Peut-être son histoire, partagée entre trois cultures, l’a-t-elle également emmené vers ces conduites lieu de la métamorphose du biologique en psychique : Matty l’a vécu, chaque culture donne une signification particulière à ce que le corps ressent. Ainsi, doté de concepts et d’outils scientifiques, Matty a t-il réussi à insérer dans une véritable perspective psychologique un vieux paradigme oublié, celui du corps et de l’esprit. Il nous a appris que le petit de l’homme se construit en mangeant, qu’il sait s’adapter aux changements de son milieu en prenant pour guide ses sensations et leurs significations. Si les cliniciens et les industriels ont développé certaines de leurs pratiques en s’appuyant sur les travaux de Matty, l’originalité de sa problématique l’a parfois isolé de la communauté scientifique.
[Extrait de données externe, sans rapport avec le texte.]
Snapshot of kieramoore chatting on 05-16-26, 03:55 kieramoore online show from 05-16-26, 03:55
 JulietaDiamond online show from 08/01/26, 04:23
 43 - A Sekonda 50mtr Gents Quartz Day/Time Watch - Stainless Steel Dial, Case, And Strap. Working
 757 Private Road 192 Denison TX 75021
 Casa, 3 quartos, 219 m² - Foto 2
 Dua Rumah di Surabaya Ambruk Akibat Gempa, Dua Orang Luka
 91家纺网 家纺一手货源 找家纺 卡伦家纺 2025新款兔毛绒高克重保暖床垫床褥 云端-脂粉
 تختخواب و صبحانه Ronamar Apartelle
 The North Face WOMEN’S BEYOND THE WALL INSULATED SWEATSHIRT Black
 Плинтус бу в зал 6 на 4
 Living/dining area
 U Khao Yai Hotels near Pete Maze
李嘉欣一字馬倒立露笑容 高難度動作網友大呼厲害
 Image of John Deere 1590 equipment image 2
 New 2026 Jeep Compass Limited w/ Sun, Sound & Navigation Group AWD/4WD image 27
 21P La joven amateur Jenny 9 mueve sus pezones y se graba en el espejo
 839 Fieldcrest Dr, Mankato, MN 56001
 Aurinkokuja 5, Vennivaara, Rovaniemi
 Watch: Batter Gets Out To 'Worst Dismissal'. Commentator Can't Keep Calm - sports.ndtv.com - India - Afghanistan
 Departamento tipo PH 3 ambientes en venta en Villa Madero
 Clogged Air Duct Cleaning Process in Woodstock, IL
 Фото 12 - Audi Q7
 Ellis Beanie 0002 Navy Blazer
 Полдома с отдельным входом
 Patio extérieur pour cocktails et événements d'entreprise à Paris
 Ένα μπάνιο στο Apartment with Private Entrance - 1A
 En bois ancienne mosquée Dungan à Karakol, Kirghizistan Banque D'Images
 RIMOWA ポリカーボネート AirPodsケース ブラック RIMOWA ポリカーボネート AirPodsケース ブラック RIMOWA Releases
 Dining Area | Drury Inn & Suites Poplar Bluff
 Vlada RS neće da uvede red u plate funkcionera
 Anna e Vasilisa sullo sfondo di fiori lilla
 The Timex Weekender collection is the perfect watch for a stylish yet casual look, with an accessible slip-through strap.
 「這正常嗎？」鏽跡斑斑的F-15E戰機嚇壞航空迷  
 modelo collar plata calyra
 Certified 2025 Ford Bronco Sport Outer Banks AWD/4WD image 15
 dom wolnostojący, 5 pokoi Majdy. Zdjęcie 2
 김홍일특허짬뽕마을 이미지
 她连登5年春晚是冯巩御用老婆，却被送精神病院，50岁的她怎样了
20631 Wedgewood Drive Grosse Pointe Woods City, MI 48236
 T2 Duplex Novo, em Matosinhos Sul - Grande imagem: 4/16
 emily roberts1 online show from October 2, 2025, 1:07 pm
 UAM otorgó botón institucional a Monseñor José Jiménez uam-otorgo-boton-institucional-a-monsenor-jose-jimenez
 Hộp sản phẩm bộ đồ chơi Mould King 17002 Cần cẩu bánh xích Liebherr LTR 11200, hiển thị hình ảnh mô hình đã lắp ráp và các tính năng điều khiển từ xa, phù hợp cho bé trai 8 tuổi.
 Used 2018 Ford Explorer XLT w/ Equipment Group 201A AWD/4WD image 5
Matty n’a jamais profité de cet isolement pour rendre ses propos dogmatiques, incontournables et définitifs. Non, il a mené l’aventure jusqu’au bout : il a cherché la contradiction et par là-même l’enrichissement chez ses collègues sociologues, anthropologues, historiens, linguistes, physiologistes, chez ses amis cuisiniers, œnologues, ou simples gourmets, mais aussi auprès de ses étudiants. Je l’ai eu pour enseignant. La première leçon qu’il m’a apprise est une leçon d’humilité : acceptons le paradoxe de la recherche qui consiste à prétendre énoncer la vérité tout en gardant un esprit critique. Matty, pour la première fois, je te tutoie : tu nous a beaucoup appris, tu nous as beaucoup aidés, tu vas nous manquer.
Natalie Rigal
Université Paris X-Nanterre, psychologie de l’enfant et du développement.